Dr L.E.Rhodes, Clinical Sciences Building, University of Manchester, Hope Hospital, Manchester M6 8HD, U.K. E-mail:


Background Topical 5-aminolaevulinic acid (ALA) is widely used in photodynamic therapy (PDT) to generate protoporphyrin IX (PpIX) in the skin. However, other prodrugs may be more effective.

Objectives The pharmacokinetics of ALA- and ALA-n-pentylester-induced PpIX, together with the phototoxicity after PDT, were compared in human skin in vivo, using iontophoresis as a quantitative drug delivery system.

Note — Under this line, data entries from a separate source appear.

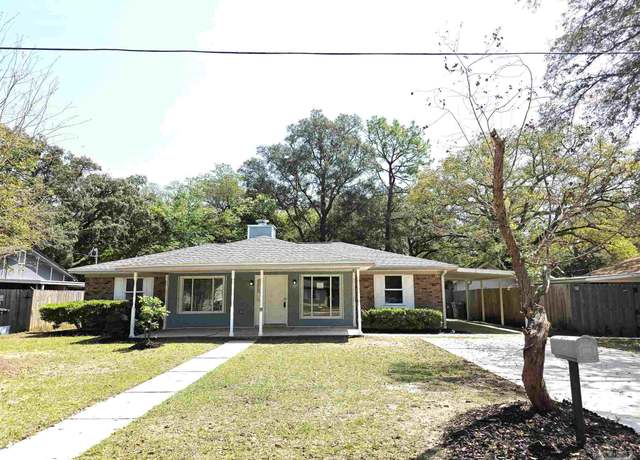 Property at 5666 Vestavia Ln, Pensacola, FL 32526, 3 beds, 2 baths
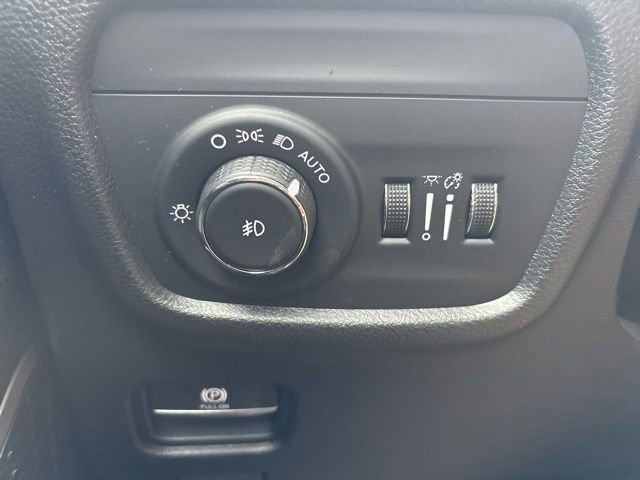 Used 2022 Jeep Grand Cherokee L Limited image 32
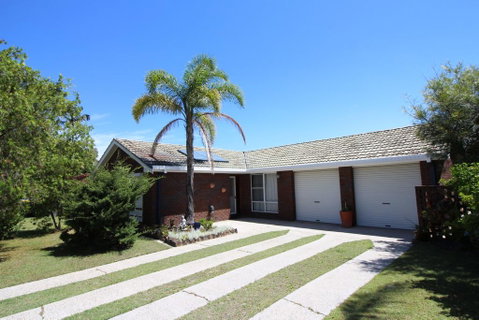 Gerry's Waterfront - Accommodation Burleigh 0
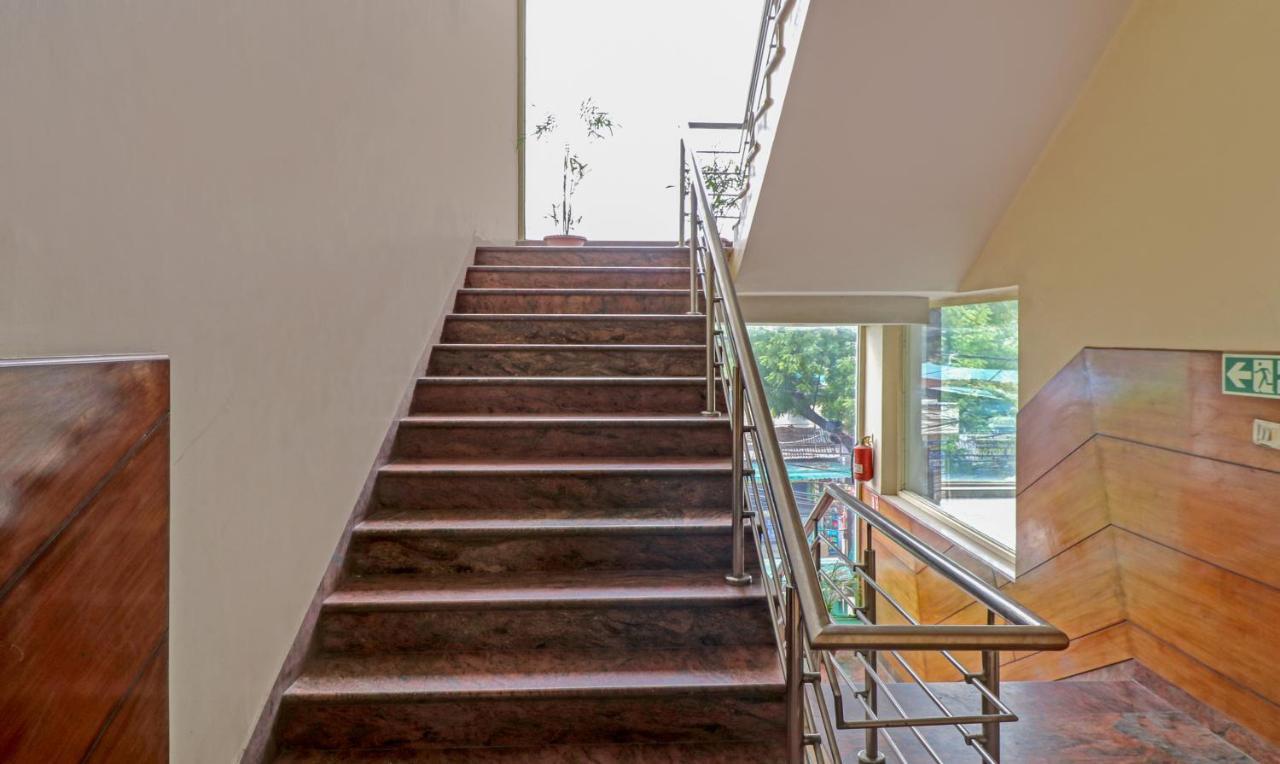 Treebo Galaxy Rooms Нью-Делі Екстер'єр фото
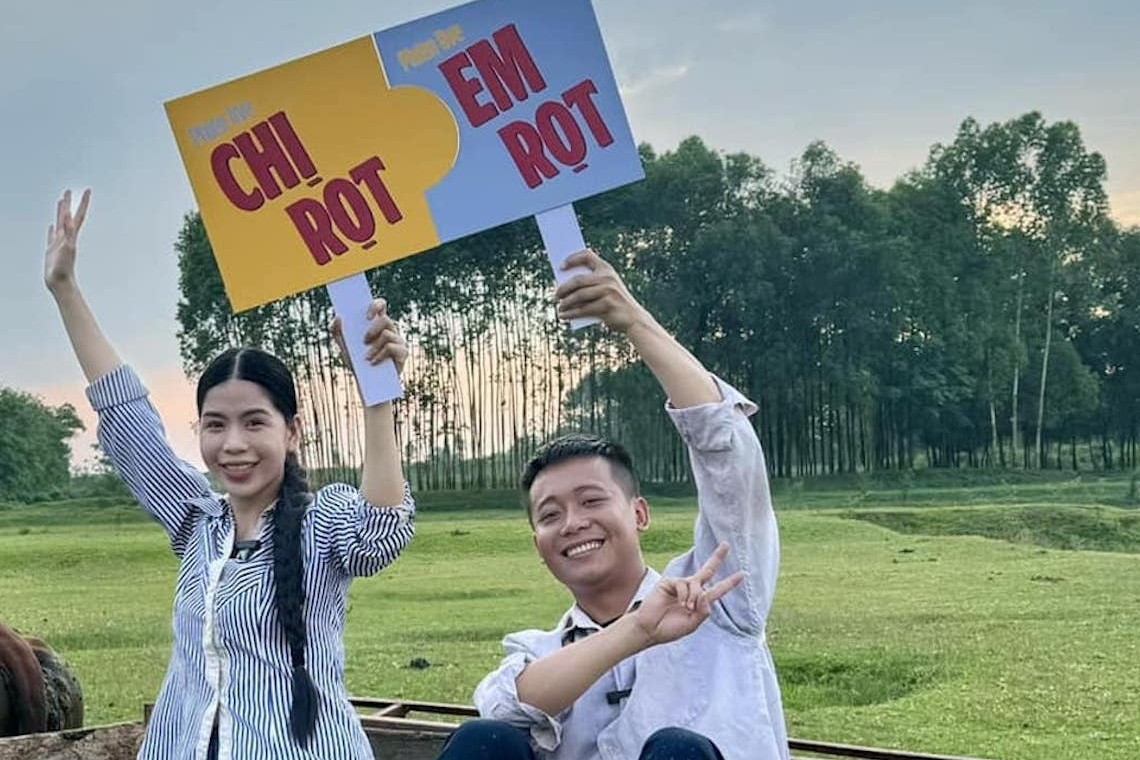 Loạt doanh nghiệp ẩn sau ‘chiến thần livestream’ Hằng Du Mục và Quang Linh Vlogs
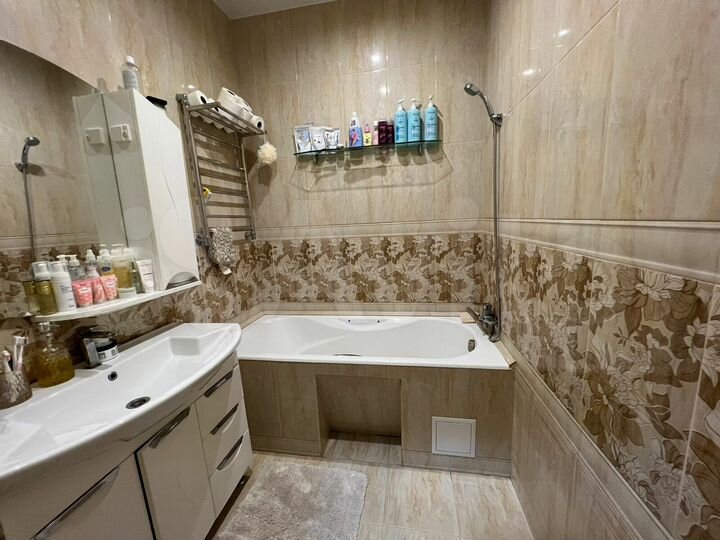 2-к. квартира, 86 м², 3/16 эт.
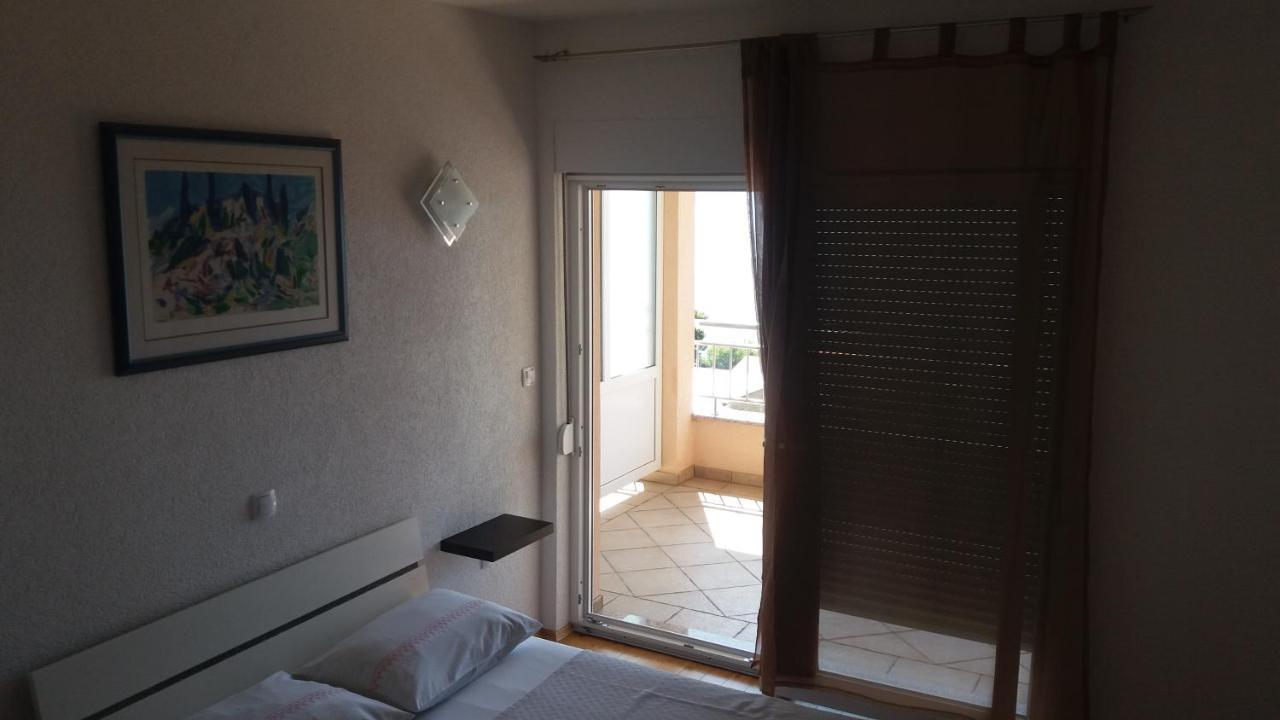 Spacious Comfort Apartment Duce Exterior photo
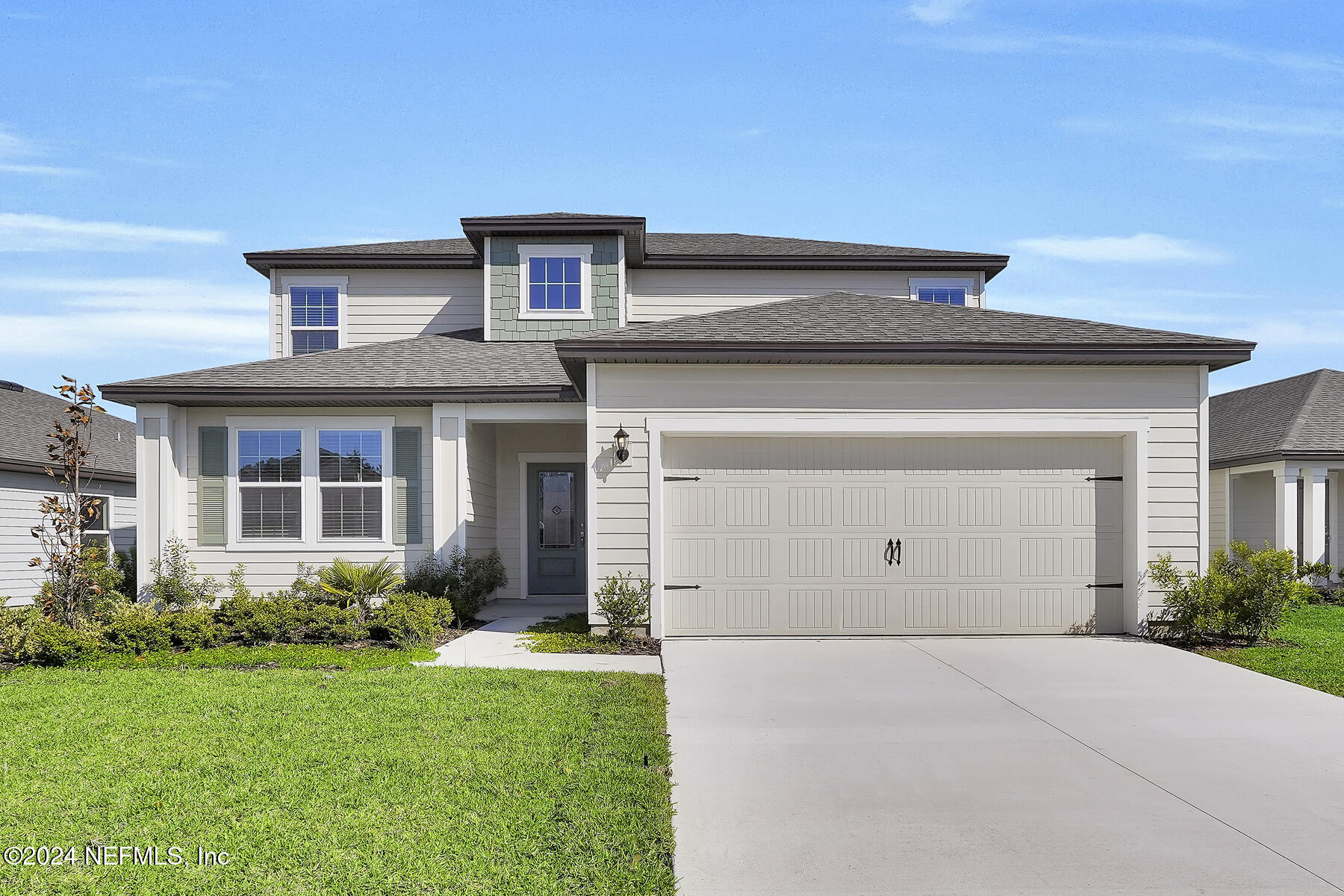 a front view of house with yard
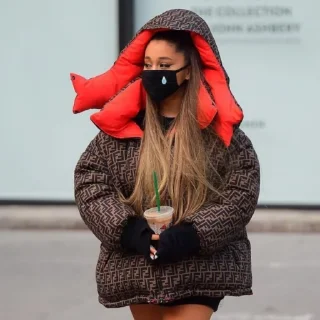 Стикер Ariana Grande 🧁 ; @HyalineWings - 6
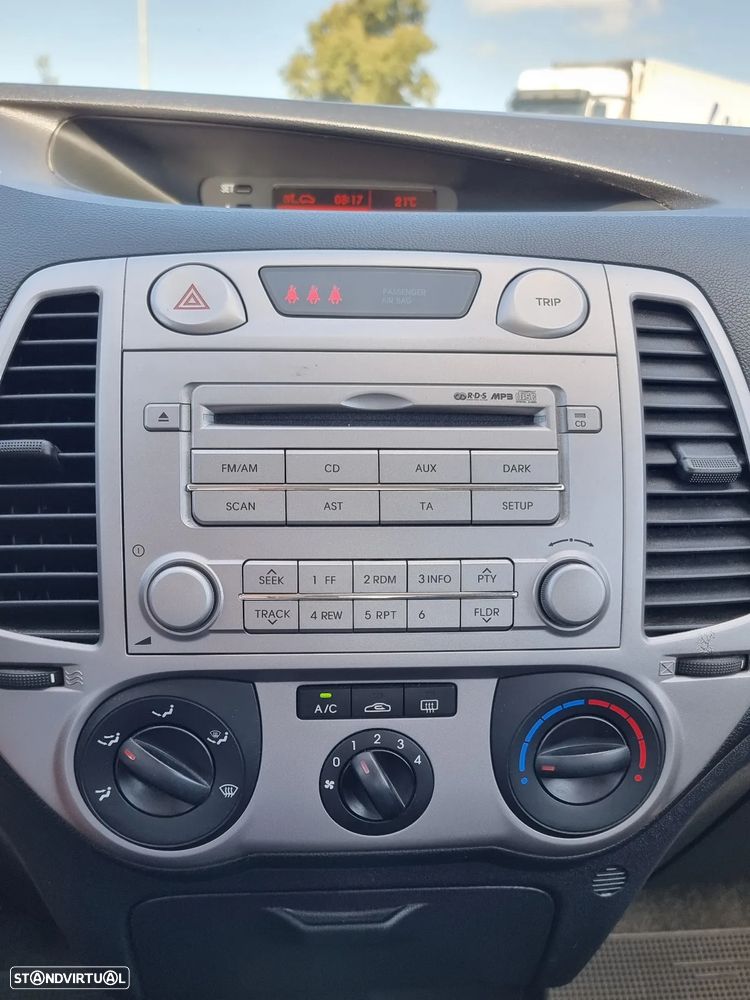 Hyundai i20 1.2 Comfort ESP - 14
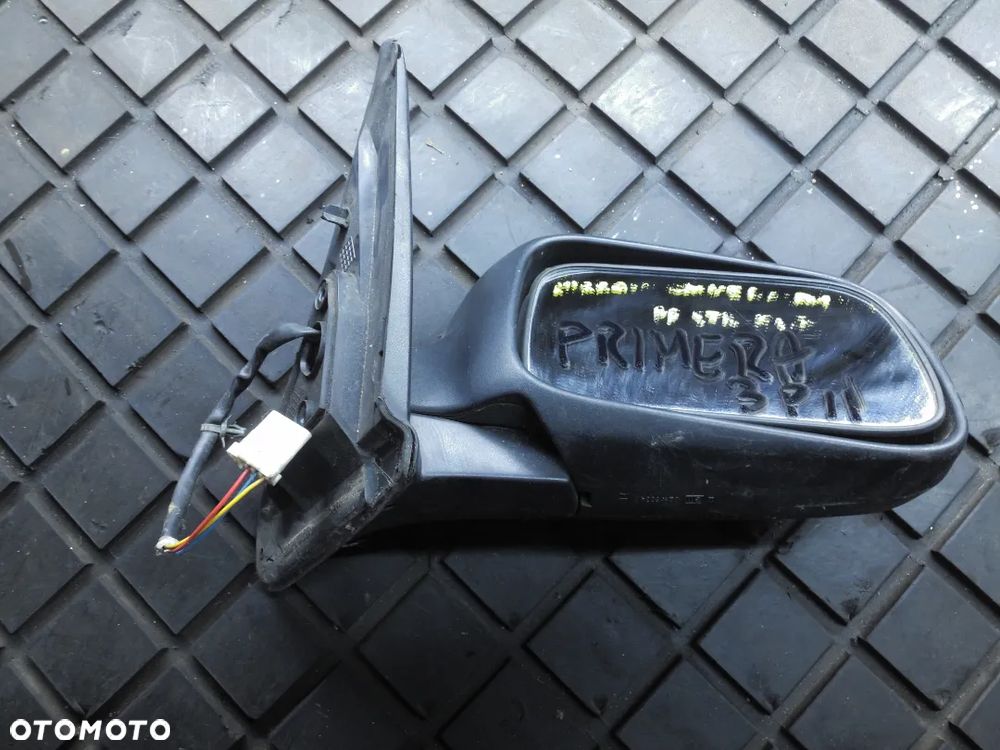 LUSTERKO PRAWE NISSAN PRIMERA P11 LIFT 5PIN EUROPA - 2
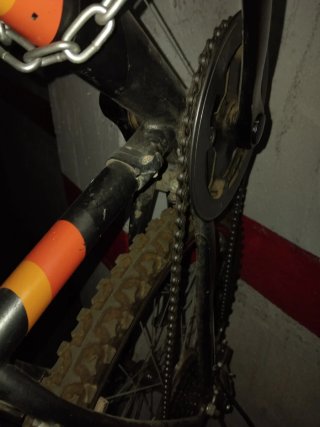 Bicicleta de montaña negra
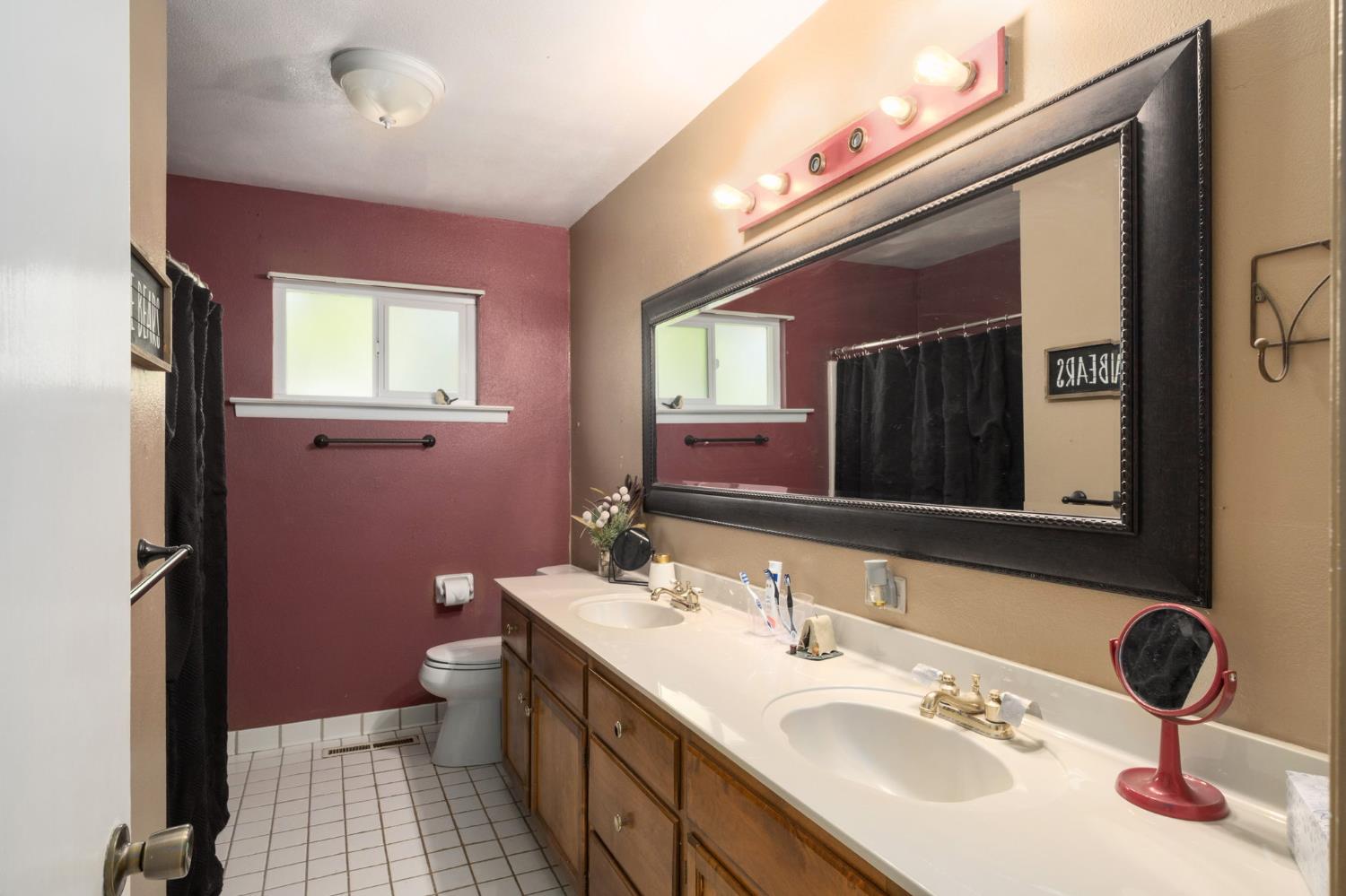 2564 E Los Altos Ave, Fresno, CA 93710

Methods A series of six increasing doses of equimolar prodrug solutions was iontophoresed into normal skin of the upper inner arms of 20 healthy subjects. The kinetics of PpIX metabolism in skin (n = 4) and the response to light exposure, performed at 4·5 h (n = 6) and 6 h (n = 10) after application, were assessed by skin surface PpIX fluorescence and postirradiation erythema.

Results ALA and ALA-n-pentylester showed a linear correlation between logarithm of dose and PpIX fluorescence (P < 0·005), and logarithm of dose and skin phototoxicity with irradiation at 4·5 h (P < 0·001 and P < 0·005, respectively) and 6 h (P < 0·05 and P < 0·0001, respectively) after iontophoresis. Higher phototoxicity was observed with ALA-n-pentylester than with ALA when sites were irradiated at 6 h, as indicated by the significantly lower theoretical threshold dose for erythema (P < 0·05) and the shift of the PpIX fluorescence/phototoxicity curve towards greater skin erythema at equal PpIX fluorescence levels. Depth of PpIX fluorescence in skin, as determined by fluorescence microscopy, was similar for both prodrugs, but a more homogeneous distribution of PpIX was seen with the more lipophilic ALA-n-pentylester.

Conclusions The observed greater phototoxicity of ALA-n-pentylester relative to ALA may be attributable to a more favourable PpIX localization in tissue and/or greater intrinsic toxicity.